Earlier, the corporate companies were governed under Companies Act, 2013.

The sickness issues of companies were dealt with by High Courts. The archaic provisions were not serving the purpose for which they were initially designed. Sickness of non-corporate bodies like partnership firms, individual, HUF etc is presently governed under Presidency Towns Insolvency Act, 1909 and Provincial Insolvency Act, 1920. These will be transferred to DRT when Insolvency Code is made applicable to them.

Insolvency and Bankruptcy Code, 2016

The old and archaic provisions to deal with sickness arising out of financial difficulties have been replaced by Insolvency and Bankruptcy Code, 2016. It came into existence on 28th May 2016.

As per the preamble to the Code, the purpose of this Act is as follows-

  • Consolidate and amend the laws relating to reorganization and insolvency resolution of corporate persons, partnership firms and individuals
  • In a time bound manner
  • For maximization of value of assets of such persons
  • To promote entrepreneurship
  • Availability of credit
  • Balance the interests of all the stakeholders including alteration in the order of priority of payment of Government dues
  • Establish an Insolvency and Bankruptcy Board of India

Code applicable all over India with some exception relating to J&K

Insolvency code is a complete code

Insolvency code is a complete act which consolidates Insolvency Laws, Bankruptcy Laws and Liquidation for Companies, Individuals, and Partnership firms. It is complete and exhaustive in the matters dealt with therein. The Code is Parliamentary law that is exhaustive code on the subject matter of insolvency. It is covered in Entry 9 List III of Seventh Schedule, which reads as follows- Bankruptcy and Insolvency. Innoventive Industries v. ICICI Bank (2017) 143 SCL 625= 84 320 (SC)

Parallel proceedings under SARFAESI/ RDDB and Insolvency Code permissible

Pendency of proceedings before DRT and initiation of action under SARFAESI Act cannot be ground for rejection of an application to initiate Insolvency Resolution process- Punjab National Bank v. Carnation Auto India (2017) 144 SCL 234= 86 227 (NCLT).

NCLT has exclusive jurisdiction over Insolvency and Bankruptcy Cases. The liquidation of Companies is also dealt by it.
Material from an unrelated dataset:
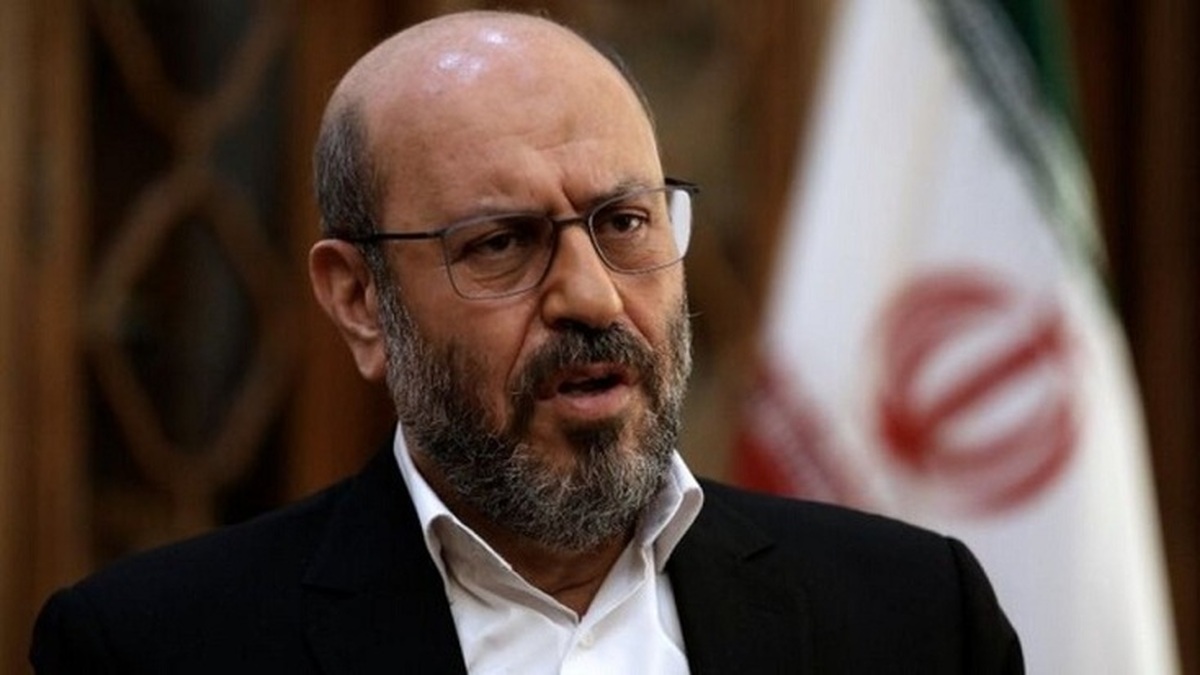 سردار حسین دهقان با تأکید بر حمایت از تولید و اشتغال، اعلام کرد بنیاد مستضعفان نه‌تنها رقیب بخش خصوصی نیست بلکه هم‌راستا با دولت در راستای توسعه صنعتی و توانمندسازی مناطق محروم کشور فعالیت می‌کند.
But after filing a case before NCLT, parallel proceeding cannot be initiated before any other Civil Court, whereas if any case is pending before a Civil Court, it can simultaneously be initiated before NCLT.
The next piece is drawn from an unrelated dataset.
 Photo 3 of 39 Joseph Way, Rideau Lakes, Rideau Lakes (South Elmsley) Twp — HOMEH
CMI Energy India v. Easun Reyrolle Ltd. (2018) 145 SCL 70= 87 338 (NCLT). Earlier there was no such provision.


The IBC came into existence on 28th May, 2016 and since then it is under construction. A lot of amendments have been introduced in it to adjust with the new market trends and make it more complying with the needs of the resolution process for quick recovery of bad debts in a time bound manner. The matters are dealt before NCLT who exercises exclusive jurisdiction over such matters. The amendments have brought flood of changes and even the apex bank is taking suo moto cognizance over the defaulting companies. Let us see how far reaching and effective will be its provisions.

Disclaimer – The above summary is based on the personal interpretation of the revised regulations, which may differ person to person. Hence, the readers are expected to take expert opinion before placing reliance on this article.